No matter how a family is made up, each member plays a unique role in the function and structure of the family. Individual traits, skills and qualities all contribute to the family team in some way.

For parents, working together as a team is so important because it demonstrates what team work looks like. It will also show children how to communicate respectfully and how to build healthy relationships themselves.

Working as a team will also benefit each of you. Aside from the obvious benefits of working to your strengths and avoiding conflict, when we feel supported and encouraged, we tend to feel happier and more confident. This can then help you feel more satisfied with your parenting and life as a family.

For parents who are separated, the challenge is harder, but still an important goal to aim for. Finding appropriate and amicable divisions of duties is usually the most obvious difficulty, but ensuring consistent messaging and levels of support is often harder. Remembering in these cases that there is a common goal here (the child/children’s upbringing) will help as you find the necessary compromises.

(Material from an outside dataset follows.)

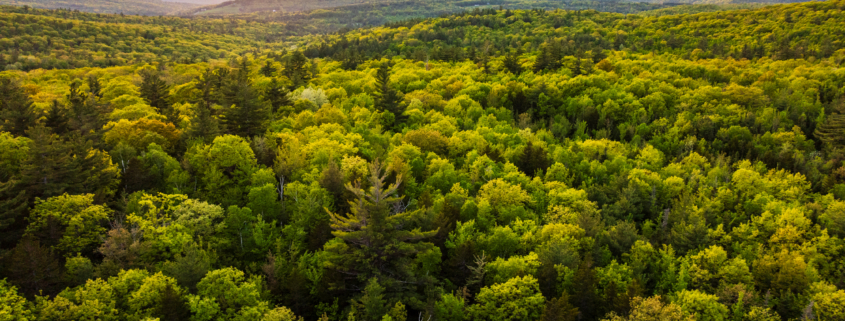 spruce ridge landscape photo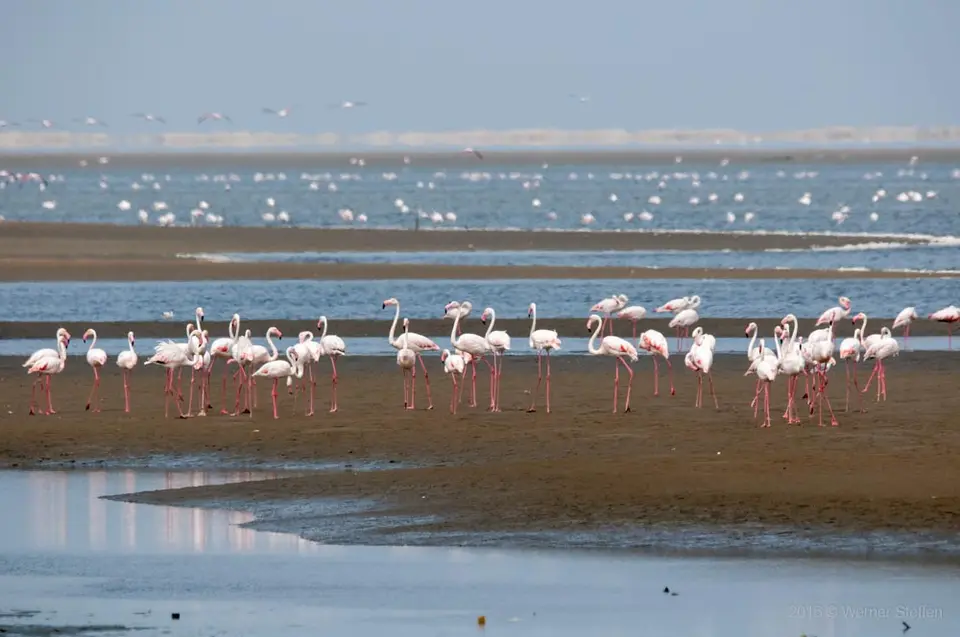 0507c_namibiaWST_2078-2.jpg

There are a few core skills that will help you as parents. Remember that no parent finds this easy all the time, and we all benefit from learning and growing into our role.

Talking and listening: being able to communicate in ways that help you connect with each other and strengthen your relationship. The Same Page Technique I mentioned a few months ago can be a useful tool to help and can be found here.

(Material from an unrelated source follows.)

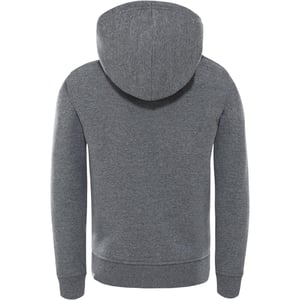The North Face Unisex Kids Drew Peak Borduur Hoodie Grijs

Accept and value each other: spend time together on shared interests and take an interest in your partners hobbies.

Focus on solving problems: The Common Ground Technique is a useful tool to help with this skill (see earlier blog post). To do this, you both write down the issues you feel are present. Next try and identify strategies to help solve these issues together and prioritise them. This technique can also work for co-parenting too. It can help you see that you are working together to resolve some of the serious issues you are experiencing in the family.

Focus on one problem at a time and think of solutions to the problem together to determine which one works the best. Once this solution has been put into practise, give it time to see what happens.

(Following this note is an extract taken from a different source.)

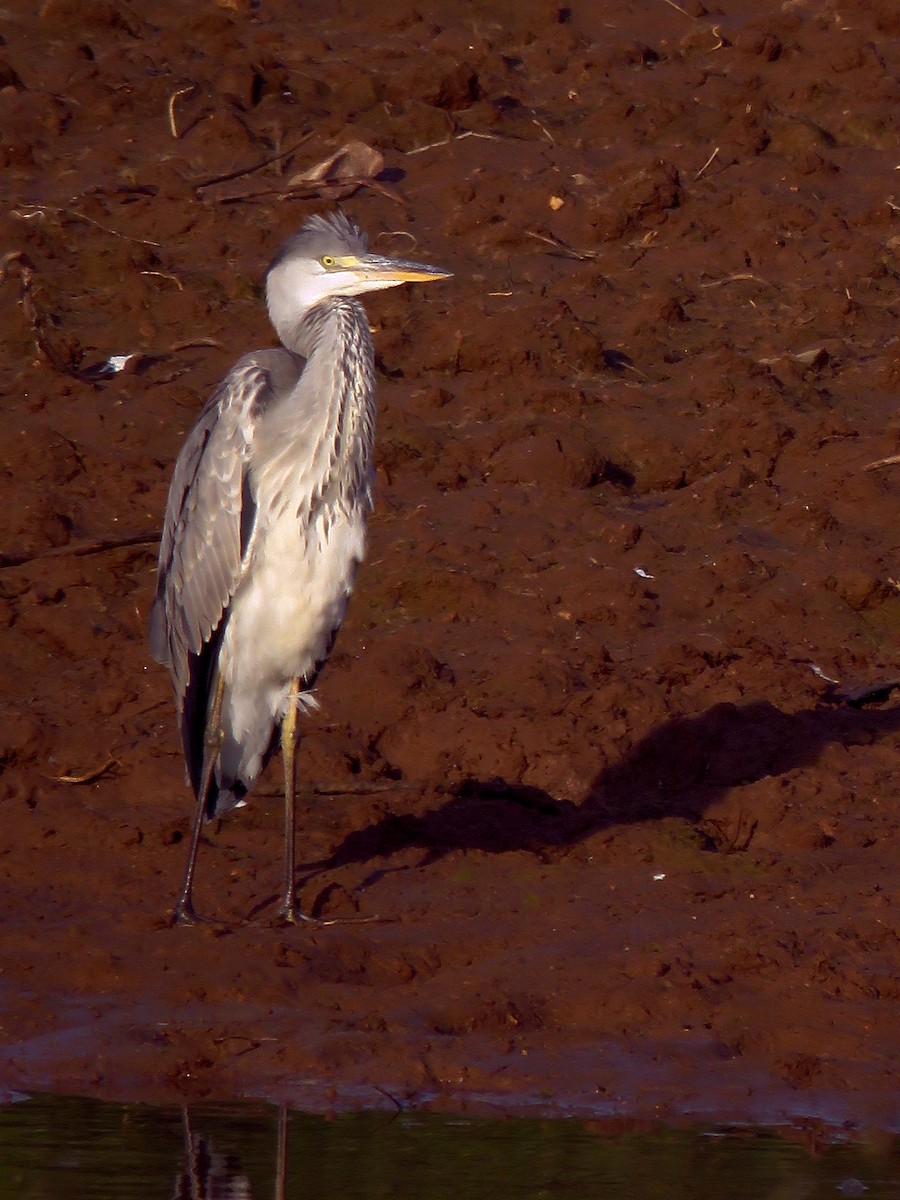 Gray Heron - ML301726971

Back each other up: Children are great at quietly observing you when you think they are not and they are great at playing you off against each other if they can benefit in some way! Creating family rules together can be a great way of letting everyone contribute and know where they stand. Have each member sign it and display it somewhere visible in the house. Decide on rewards and consequences together as parents and ensure you both follow them to encourage consistency.

Managing conflict: Managing conflict in a positive and constructive way is important not only for you both, but it will also demonstrate to your children how to manage conflict themselves. By being an active listener, you can validate how your partner feels and ensure you understand their point of view even if you may not agree with it. Using “I” rather than “you” statements can also be helpful to ensure you focus on the impact it has on you (e.g. “I feel frustrated when you”) rather than focusing on judgement of another (e.g. “you never…”)

This brings me to my final point. Working as a team can be hard and situations can be challenging and surprise us out of the blue but try to find the humour in them. Laughter can reduce stress. Laugh with your partner not at them! I remember once being frustrated when a child demanded I tie up her shoelace for her whilst I was in the middle of an important task. I politely suggested to her to go and find her manners. I started to feel myself becoming stressed when I noticed this child opening all the drawers and cupboards of the classroom. When I asked her what she was doing, she politely said “I’m trying to find my manners”.

Look after each other and spend time building these memories in the moments of family life together.